A decade ago, Ratcliffe was chairman of the Carolinas PGA Section, the largest in the country with some 2,000 members. The section took on a franchise for league management software with high hopes of building a league culture in a region which has never quite matched that of the industrial North. But with booming population growth, there were dreams of leagues flooding the landscape.

“There was some growth, but it’s hard to say even for us at Ratcliffe Golf what percentage of revenues comes from leagues today,” Ratcliffe admits. “Across the board, though, I think in the Carolinas we haven’t realized the potential and promise I hoped we would at that time.”

Geography may be to blame as much anything.

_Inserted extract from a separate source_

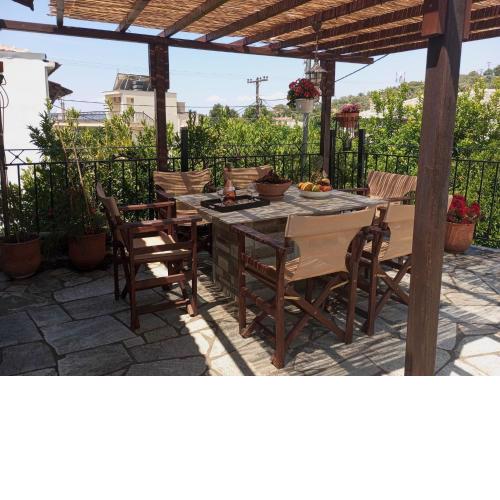 The Arbor Afissos Apartment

Northern summers allow play up until 10 p.m., in some areas. At the same time of year further south, darkness falls soon after 8 p.m. “God bless daylight savings time,” Hoag laughs.

He probably should bless the fact he has 27 holes, too. Willowbrook’s McDavitt does. “I don’t know what we would do if we only had 18 holes,” he says. “Having that extra nine makes it so much easier to accommodate leagues. We host a lot of tournaments, so we can do that and still have nine holes for our leagues.”

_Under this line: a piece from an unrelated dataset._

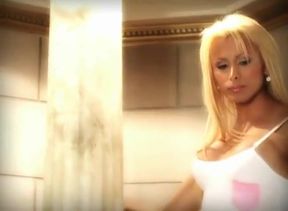 Shemale pornstar Yeina gets some action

At Valle Vista Golf Club in Greenwood, Indiana, head golf professional Brandon Bezy has only 18 holes to work with, so his leagues start later—with shotgun starts at 5:30 p.m.—to leave room for all other play. The club runs four leagues of between 24 players and 60 players in summer and another of 48 to 60 in the fall.

Bezy’s marketing tackles one of golf’s biggest challenges head on. “Basically, if you’re sick of complaining about not ever getting to play, sign up for a league,” he writes. “It’s the best way to ‘force’ yourself to play more golf.” That line has struck a chord with more than a few golfers in their mid-30s to late-40s with kids and a job. “They find that once they commit to a league they have the time,” he says.

Like Hoag, Bezy channels resources back into his leagues with a cookout for each league mid-season, followed by a “big night for everyone” at season’s end. There are closest-to-the-pin prizes and a skins competition each night, and the top 20 percent of finishers in each league win a cash prize.

“You’re not going to make it rich, but that’s not why you’re playing,” Bezy says. “Our league players just want a reason to come out, play some golf, have a few beers and some laughs.” Which is exactly what was going on at Willowbrook on a rainy night recently, albeit without the golf.

Trent Bouts is a South Carolina-based freelance writer and editor of Palmetto Golfer magazine.